Everything — the VFX, the world-building, the performances, Serkis’ especially — tops itself once again in the third movie, which leans further into almost painterly beauty, as well as progressive politics in the form of a searing critique of U.S. warmongering and wall-building xenophobia (all of which may explain why this entry did less domestic box office than its predecessors.).
The movie also continues the series trend of leaning into different genres to put a fresh spin on the storytelling. War is a journey film, a prison break film, and a riff on Apocalypse Now, with Woody Harrelson echoing Marlon Brando’s homicidal Colonel Kurtz from that movie. Finally, the movie is a Biblical allegory, with Caesar as Moses leading his people to the promised land, a trilogy-long journey that concludes with a lovely pastel tableau heralding hope.
Blade Runner 2049 (October 6)
If anybody wasn’t convinced of it five years ago, it’s pretty clear that this movie is all but a masterpiece for its extraordinary visuals and its moving themes about sacrifice and the nature of human identity. Ridley Scott’s original Blade Runner (1982) had become so distinctive, influential, and famous in the decades since it was first declared a flop, it took a lot of courage to consider following it up, especially since the film’s star, Harrison Ford, has repeatedly groused about what a miserable time he had making it. Director Denis Villeneuve confessed to treading on “sacred territory” to even go near a sequel, and surely it could have been a great folly. Instead, he and his collaborators (particularly cinematographer Roger Deakins, who won a long-overdue Oscar for the film) contributed a major work to cinema.
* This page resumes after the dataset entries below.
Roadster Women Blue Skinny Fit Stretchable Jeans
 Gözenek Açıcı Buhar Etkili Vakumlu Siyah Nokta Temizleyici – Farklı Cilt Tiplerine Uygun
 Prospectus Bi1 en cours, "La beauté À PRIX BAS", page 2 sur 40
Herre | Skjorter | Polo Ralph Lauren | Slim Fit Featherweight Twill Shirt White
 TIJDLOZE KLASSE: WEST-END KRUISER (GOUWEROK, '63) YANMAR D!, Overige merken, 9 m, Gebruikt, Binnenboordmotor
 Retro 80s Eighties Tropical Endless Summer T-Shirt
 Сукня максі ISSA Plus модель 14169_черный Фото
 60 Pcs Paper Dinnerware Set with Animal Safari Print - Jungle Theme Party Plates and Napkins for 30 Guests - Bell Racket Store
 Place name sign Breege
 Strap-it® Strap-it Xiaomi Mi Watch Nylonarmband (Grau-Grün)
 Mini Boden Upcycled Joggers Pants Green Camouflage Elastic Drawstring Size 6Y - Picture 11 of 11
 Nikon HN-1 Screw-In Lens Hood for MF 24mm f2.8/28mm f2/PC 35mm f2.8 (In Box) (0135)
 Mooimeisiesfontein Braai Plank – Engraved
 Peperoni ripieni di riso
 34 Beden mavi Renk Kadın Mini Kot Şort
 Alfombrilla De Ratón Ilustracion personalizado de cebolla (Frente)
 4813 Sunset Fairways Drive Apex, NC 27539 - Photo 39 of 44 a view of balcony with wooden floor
In keeping with our theme, Blade Runner 2049 made two key departures from the original that ensured its artistic success. It expanded the environments, pulling back from the dark urban depths of rainy downtown Los Angeles to reveal much more of the story world, including a Las Vegas made unlivable by a dirty bomb detonation, a gargantuan sea wall holding back the rising ocean, and the city formerly known as San Diego now serving as a massive garbage dump.
The second departure was to cast Ryan Gosling in the movie as a next-gen Blade Runner, Agent K, hunting older model Replicants (like the one played by Dave Bautista), and to have the narrative trace his arc to becoming human. Meanwhile, Ford as OG Rick Deckard turns up so late in the picture, we almost forget he’s in it. When he does appear, though, the movie elegantly links Deckard’s story to K’s and delivers a profound and moving ending in which Villeneuve pays homage to the closing scenes of Kurosawa’s Ikiru, also about a man who discovers his humanity before dying in the snow. (As with The Wolverine, mentioned above, evoking Kurosawa must be the default move for signaling serious artistic ambition.)
Like the original Blade Runner, BR 2049 was a financial “flop,” but also like its forerunner, it is destined for a high place within the canon of serious science fiction, reaching generations to come.
Thor: Ragnarok (November 3)
If no one has yet said, “If you want a fresh take on something, give it to a Kiwi,” then I’m saying it here! How serendipitous for Marvel Studios that New Zealand writer/director, and marvelous man-about-town Taika Waititi was on the rise just as they needed a fresh voice to pump life into a turgid series that had all but run aground with the lethargic Thor: The Dark World.
Waititi took one look at the material, decided it should be a lot more fun, and his every instinct proved to be exactly what was needed. Ragnarok is hilarious, visually stunning, sexy, campy, heart-warming, action-packed, and briskly paced. It meaningfully embraces the legacy relationships — between Thor (Chris Hemsworth) and Loki (Tom Hiddleston); the two sons and their father, Odin (Anthony Hopkins); and Thor and Hulk (Mark Ruffalo) — while also introducing great new characters.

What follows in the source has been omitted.